There was no study evaluating use of early TIPS in AVB included in this meta-analysis.
The only study using early TIPS selected was excluded because all patients received
ligation or sclerotherapy in the first 24 hours, before randomization [52 ].
As in every meta-analysis, comparison of studies may have been impaired by differing
in-hospital follow-up, which in some studies is evaluated at 5 days and in others
at 6 weeks. In this study, those data have been pooled together as overall mortality.
Time until rebleeding occurred also varied among studies, ranging from 2 to 5 days
and was considered as one sole group. Notably, we excluded patients with hepatocellular
carcinoma, who comprise at least one-fifth of bleeders. However, this population of
patients has a worse response to any treatment and should be evaluated separately.
Furthermore, we also excluded a few articles that were not published in English due
to their unavailability, although their inclusion would not affect the final analysis.
Other possible limitations of our study are the unclear risk for concealment of treatment
allocation in 18 trials and high risk for blinding of participants/personnel in 10
trials. Meanwhile, the blinding of endoscopists and patients undergoing upper digestive
endoscopy is impossible, as in studies involving surgical interventions. Moreover,
only nine of 36 studies mentioned conflict of interest. In addition, prediction intervals
indicated a significant amount of uncertainty on treatment effect sizes and direction
for several of the meta-analytic comparisons performed, which means that many of the
research questions addressed are still unanswered. Larger and well-designed trials
are needed in this field.
On the other hand, studies using placebo as a treatment were not included because
there are well-established treatments available for AVB.

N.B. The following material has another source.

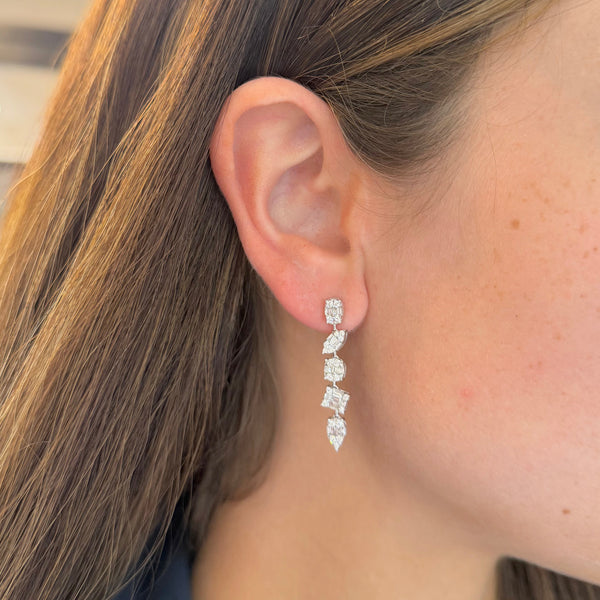 14K GOLD DIAMOND CHANNON EARRINGS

During the last decade, mortality rates with acute variceal bleeds have decreased.
Routine medical care varied with respect to use of diagnostic and/or therapeutic endoscopy,
balloon tamponade, resuscitation policy, and antibiotic prophylaxis for spontaneous
bacterial peritonitis.
Conclusion
In summary, the combination of sclerotherapy and vasoactive drugs is superior to sclerotherapy
or vasoactive drugs alone in management of variceal bleeding. Ligation was better
than sclerotherapy as a treatment option for variceal bleeding, although heterogeneity
of the results may invalidate this assumption. Although society guidelines recommend
the combination of endoscopic band ligation and vasoactive medications for treatment
of AVB, this statement could not be evidenced in the literature.